== ABOUT THIS TASK ==
The whole listing below is to be copied exactly, with every picture left out.

== SOURCE INFORMATION ==
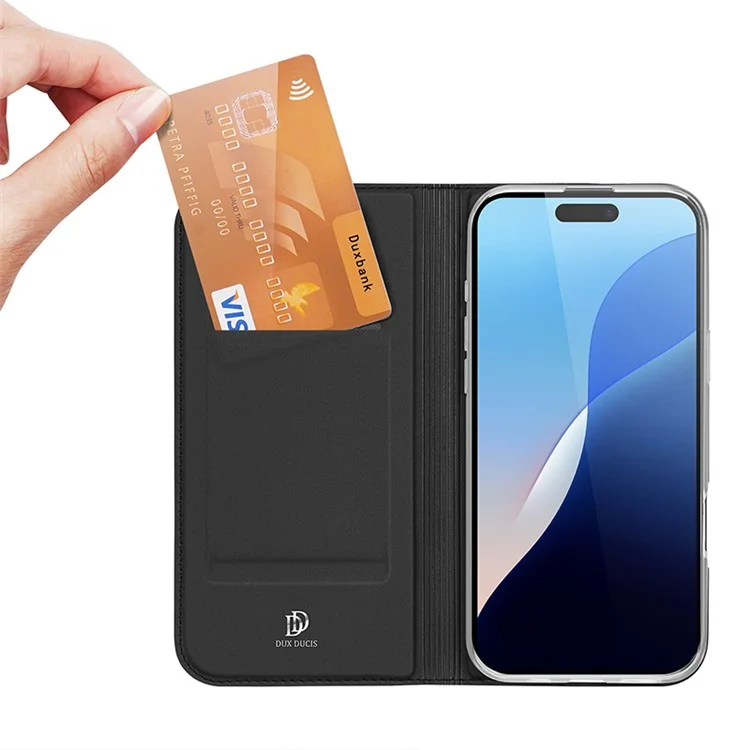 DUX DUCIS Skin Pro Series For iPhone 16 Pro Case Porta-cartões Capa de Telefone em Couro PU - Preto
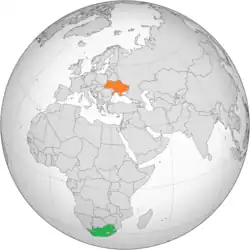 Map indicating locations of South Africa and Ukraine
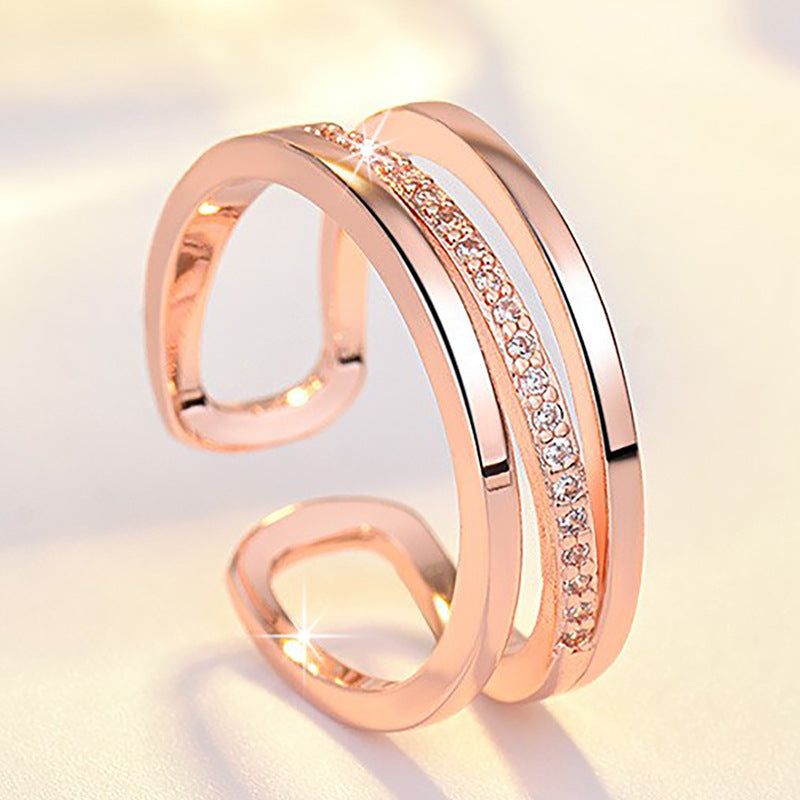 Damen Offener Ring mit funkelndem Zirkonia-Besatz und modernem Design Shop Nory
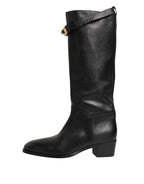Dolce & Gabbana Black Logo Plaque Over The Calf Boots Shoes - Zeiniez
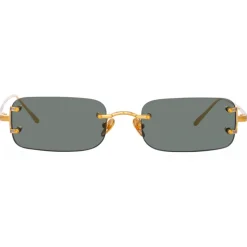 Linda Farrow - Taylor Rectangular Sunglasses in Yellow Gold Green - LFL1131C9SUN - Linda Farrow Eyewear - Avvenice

== SOLUTION TO THIS EXERCISE ==
 DUX DUCIS Skin Pro Series For iPhone 16 Pro Case Porta-cartões Capa de Telefone em Couro PU - Preto
 Map indicating locations of South Africa and Ukraine
 Damen Offener Ring mit funkelndem Zirkonia-Besatz und modernem Design Shop Nory
Dolce & Gabbana Black Logo Plaque Over The Calf Boots Shoes - Zeiniez
 Linda Farrow - Taylor Rectangular Sunglasses in Yellow Gold Green - LFL1131C9SUN - Linda Farrow Eyewear - Avvenice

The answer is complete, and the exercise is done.